Na entrevista à Sky News, o presidente da FIFA foi ainda mais longe, salientando que a organização que lidera deveria analisar a possibilidade de alterar as regras e “consagrar nos estatutos que jamais deve proibir qualquer país de jogar futebol por causa das ações dos seus líderes políticos”.
Entretanto, a posição de Infantino em relação à possível reintegração na Rússia nas competições internacionais de futebol motivou uma reação de desagrado por parte da Ucrânia. “679 meninas e meninos ucranianos nunca poderão jogar futebol — a Rússia matou-os”, escreve o ministro dos Negócios Estrangeiros da Ucrânia, Andrii Sybiha, na rede social X, classificando o presidente da FIFA como um “mentecapto”.

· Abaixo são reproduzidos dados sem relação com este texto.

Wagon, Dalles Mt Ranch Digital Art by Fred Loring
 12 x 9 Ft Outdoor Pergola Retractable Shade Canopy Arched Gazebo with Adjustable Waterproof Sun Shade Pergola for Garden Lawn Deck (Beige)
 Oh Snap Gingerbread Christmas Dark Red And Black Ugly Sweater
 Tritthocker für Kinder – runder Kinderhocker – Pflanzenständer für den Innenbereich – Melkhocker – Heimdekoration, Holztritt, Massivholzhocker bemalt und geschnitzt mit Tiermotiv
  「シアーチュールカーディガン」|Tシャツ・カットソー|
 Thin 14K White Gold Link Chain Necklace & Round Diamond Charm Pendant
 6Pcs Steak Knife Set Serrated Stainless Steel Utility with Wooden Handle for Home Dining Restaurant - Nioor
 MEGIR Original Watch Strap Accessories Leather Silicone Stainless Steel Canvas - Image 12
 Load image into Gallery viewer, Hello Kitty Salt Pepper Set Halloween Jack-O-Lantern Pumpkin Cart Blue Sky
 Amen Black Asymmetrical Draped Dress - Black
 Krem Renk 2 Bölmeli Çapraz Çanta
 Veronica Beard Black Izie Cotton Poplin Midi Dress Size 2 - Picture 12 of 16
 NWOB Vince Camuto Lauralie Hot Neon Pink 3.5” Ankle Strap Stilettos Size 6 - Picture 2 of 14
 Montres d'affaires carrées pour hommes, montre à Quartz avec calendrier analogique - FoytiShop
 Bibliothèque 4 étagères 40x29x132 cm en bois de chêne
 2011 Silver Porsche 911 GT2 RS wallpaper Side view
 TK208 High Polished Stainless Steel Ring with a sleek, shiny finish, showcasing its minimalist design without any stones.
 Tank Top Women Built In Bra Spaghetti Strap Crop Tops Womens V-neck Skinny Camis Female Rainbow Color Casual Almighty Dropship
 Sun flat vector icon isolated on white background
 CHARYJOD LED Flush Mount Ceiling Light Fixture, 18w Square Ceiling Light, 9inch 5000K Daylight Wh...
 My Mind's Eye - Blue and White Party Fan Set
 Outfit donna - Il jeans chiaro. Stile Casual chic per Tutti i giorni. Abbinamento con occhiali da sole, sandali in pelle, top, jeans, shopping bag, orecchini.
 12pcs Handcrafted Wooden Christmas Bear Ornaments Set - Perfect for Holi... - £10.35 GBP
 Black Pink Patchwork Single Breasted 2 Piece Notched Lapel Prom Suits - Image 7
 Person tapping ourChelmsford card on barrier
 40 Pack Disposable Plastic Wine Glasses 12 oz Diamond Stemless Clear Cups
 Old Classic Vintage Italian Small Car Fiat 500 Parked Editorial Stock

https://twitter.com/andrii_sybiha/status/2018385051398832517
“E continua a matar mais, enquanto mentecaptos sugerem o fim das proibições, apesar da Rússia não ter posto fim à sua guerra”, escreveu o governante ucraniano.
Na mesma entrevista, o líder da FIFA defendeu a atribuição do primeiro Prémio da Paz ao presidente dos Estados Unidos, Donald Trump. “Obviamente que o merece. E não o digo apenas eu, uma vencedora do Prémio Nobel da Paz [a venezuelana María Corina Machado] também o disse. Ele [Trump] tem sido uma parte instrumental na hora de resolver conflitos e salvar milhares de vidas”, referiu.